**ASSIGNMENT**
What you write must match, character for character, the lines from the one with "Banane XL fait" down to the one with "4 Zimmer Villa" in the listing below, minus its pictures.
══ TASK DATA
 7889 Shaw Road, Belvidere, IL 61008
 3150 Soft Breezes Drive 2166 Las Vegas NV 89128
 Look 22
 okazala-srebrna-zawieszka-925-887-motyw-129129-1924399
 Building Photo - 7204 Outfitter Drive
════
══ TASK DATA
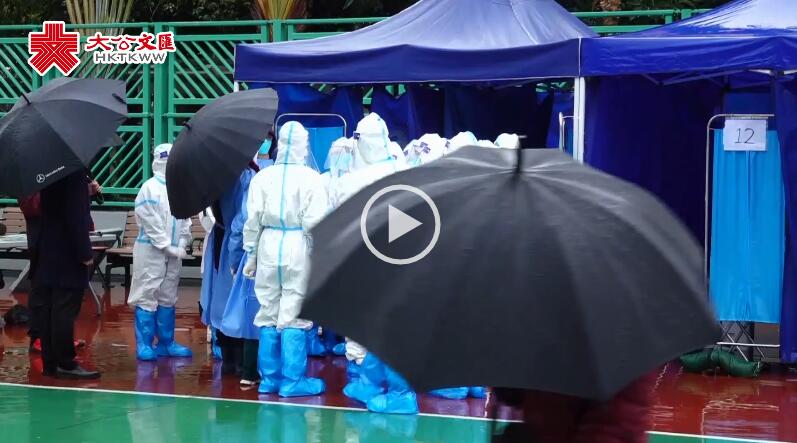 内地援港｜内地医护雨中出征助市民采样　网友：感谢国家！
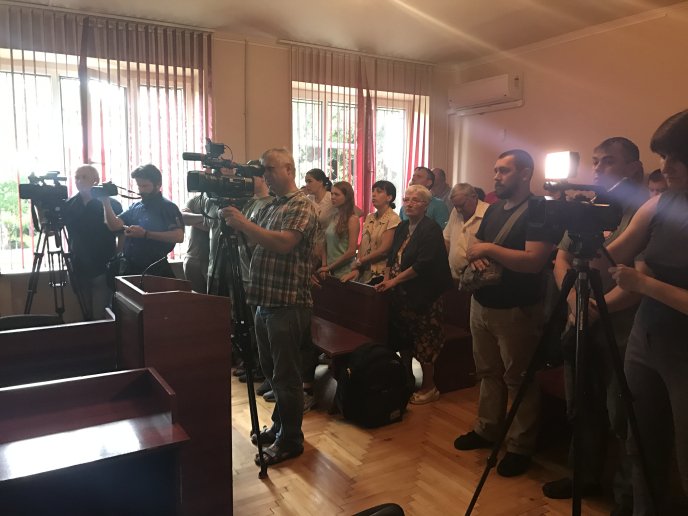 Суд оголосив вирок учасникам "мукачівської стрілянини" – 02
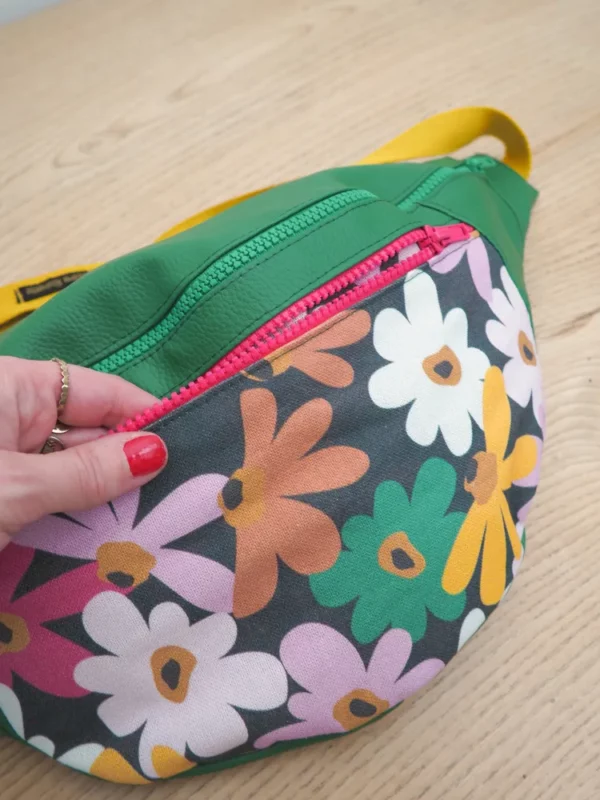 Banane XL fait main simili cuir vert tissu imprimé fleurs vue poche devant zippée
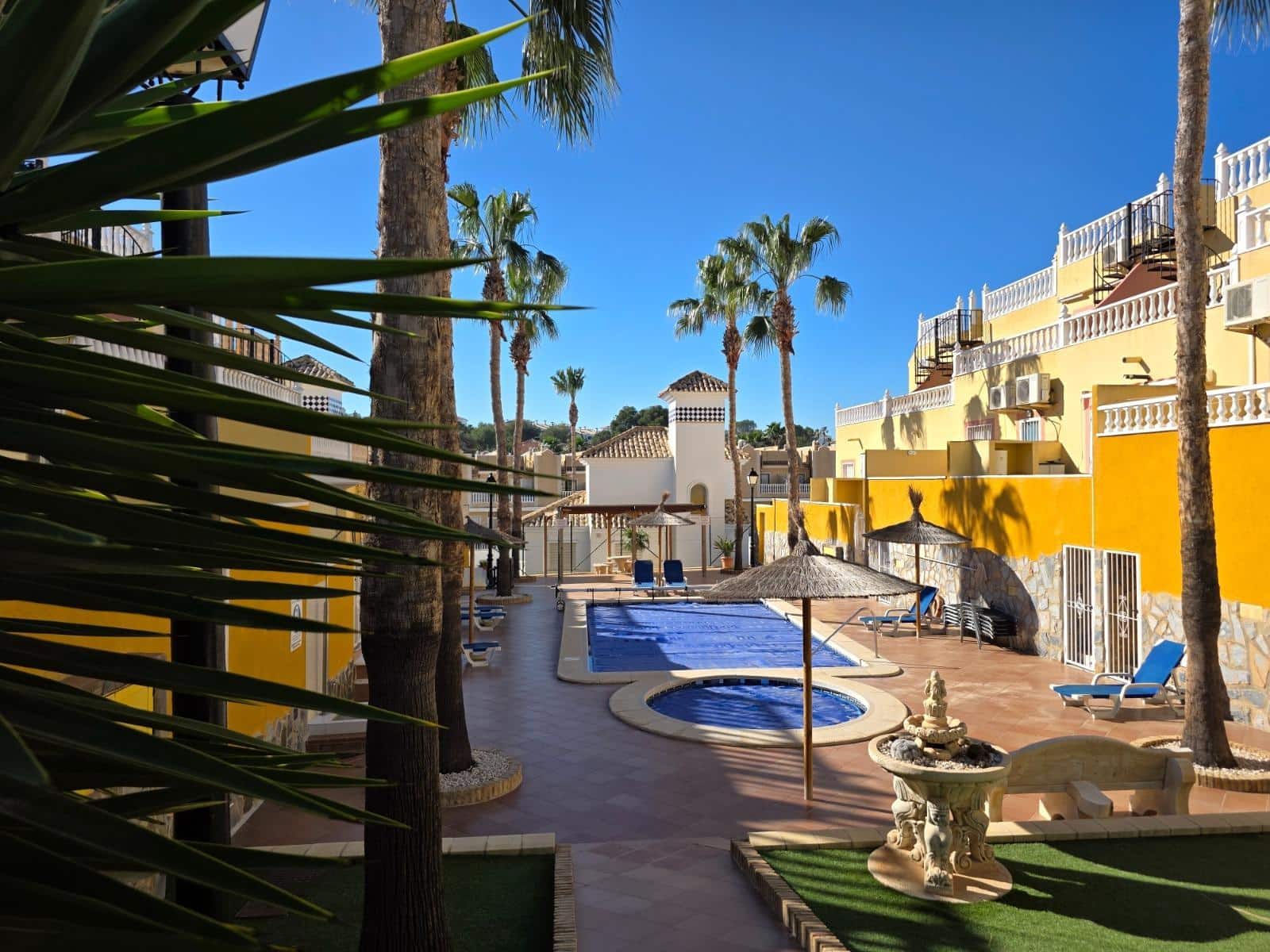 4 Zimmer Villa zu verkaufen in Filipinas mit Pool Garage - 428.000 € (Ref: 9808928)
════
**TASK RESULT**
 Banane XL fait main simili cuir vert tissu imprimé fleurs vue poche devant zippée
 4 Zimmer Villa zu verkaufen in Filipinas mit Pool Garage - 428.000 € (Ref: 9808928)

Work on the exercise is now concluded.